Airline pilots have encountered some odd things on approach to landing, including birds, balloons, lasers, even locusts and UFOs — but a guy, in a jetpack?
According to a report in Travel Pulse by Donald Wood, an American Airlines pilot preparing to land at a Los Angeles airport Sunday night got more than he bargained for when he reportedly saw a person wearing a jetpack flying around the airspace above the city.
According to Fox5 Atlanta, the captain was flying at an altitude of around 3,000 feet as he approached at a distance of 10 miles from Los Angeles International Airport when he reported the incident to the air traffic control tower.
The American Airlines pilot reported he saw a “guy in a jetpack” around 300 yards from the plane as he was preparing for a landing. Moments later, a second pilot reached out to air traffic controllers and reported the same person flying around near LAX’s incoming flight path.
Officials at LAX turned over the reports of the jetpacker to the Federal Aviation Administration, who reportedly shared details with the Los Angeles Police Department.
The air traffic control audio clips, which you can listen to here, went like this:
American Flight 1997: “Tower, American 1997, we just passed a guy in a jetpack.”
Tower: “American 1997, OK, thank you. Were they off to your left or right side?”
American Flight 1997: “Off the left side, maybe 300 yards or so, about our altitude.”
Skywest Flight: “We just saw the guy passing by us in the jetpack.”
Tower: “Jet Blue 23, use caution, a person in a jetpack reported 300 yards south of the LA final at about 3,000 feet, 10 mile final.”
Jet Blue 23: “Jet Blue 23, we heard and we are definitely looking.”
Another unidentified pilot chimed in: “Only in LA.”
According to The Drive, there are a number of new jetpack-like designs that are remarkably capable, but all have very limited range and most have only very low-altitude flight envelopes.
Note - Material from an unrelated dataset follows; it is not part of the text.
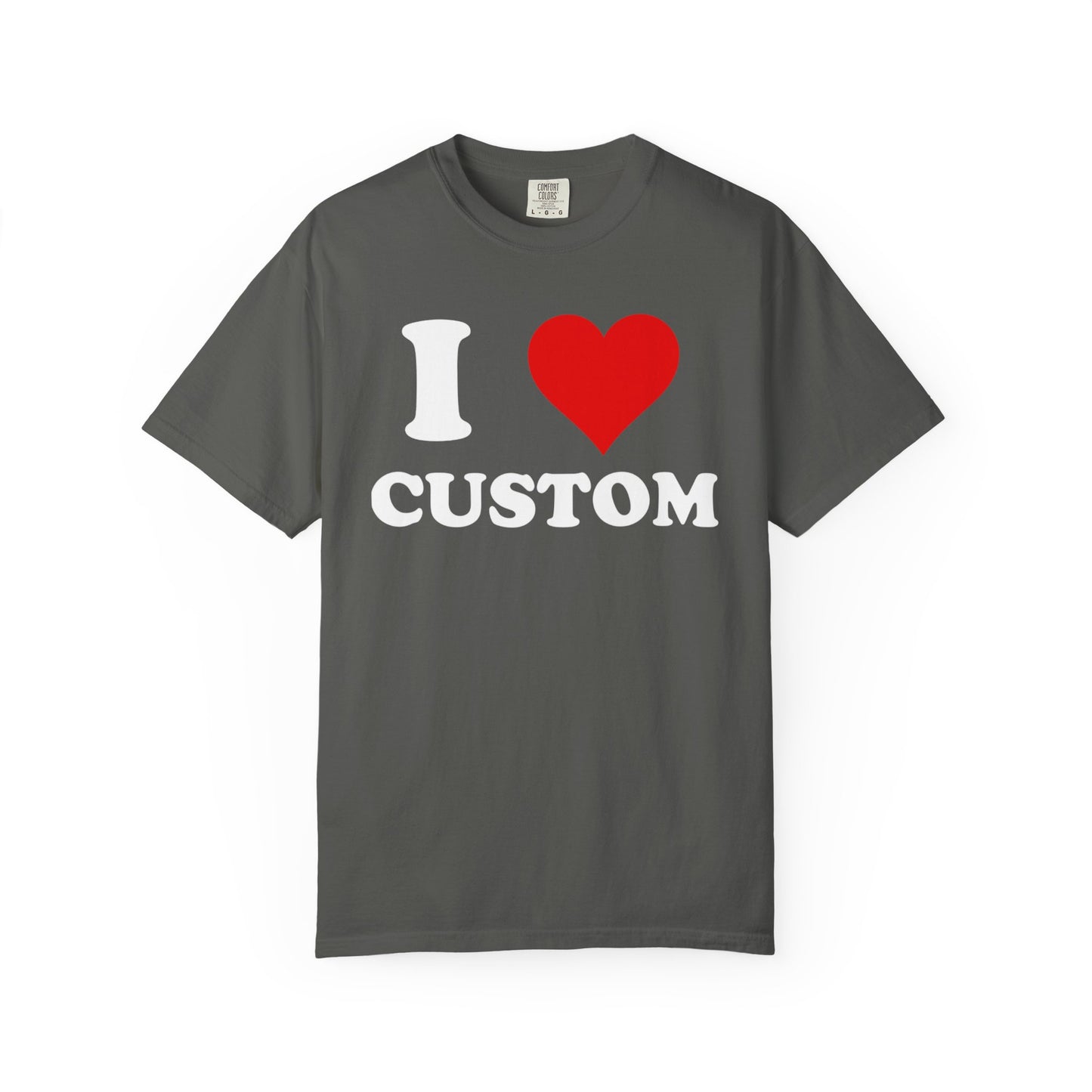Custom shirt, Custom family shirts, Lulu5, Personalized Writing Saying Tshirt.Custom Logo T-shirt, Custom shirts,Custom Photo Birthday Shirt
Yves “Jetman” Rossi’s winged jetpack is definitely capable of such a feat, but his flights have always occurred under highly controlled and well-coordinated circumstances and in sanitized airspace.
They are also very high-profile in nature and require a mothership to launch from, such as a helicopter, or at least a very high point to leap from.
It’s been a rough month for American Airlines, as the carrier has been dealing with several issues with passengers not wearing facial coverings, which resulted in a fight and an attack on a flight crew member, Travel Pulse reported.
On a more positive note, American Airlines announced several changes to the travel experience, including eliminating change fees, allowing customers to fly standby for free and adding more flexibility to basic economy.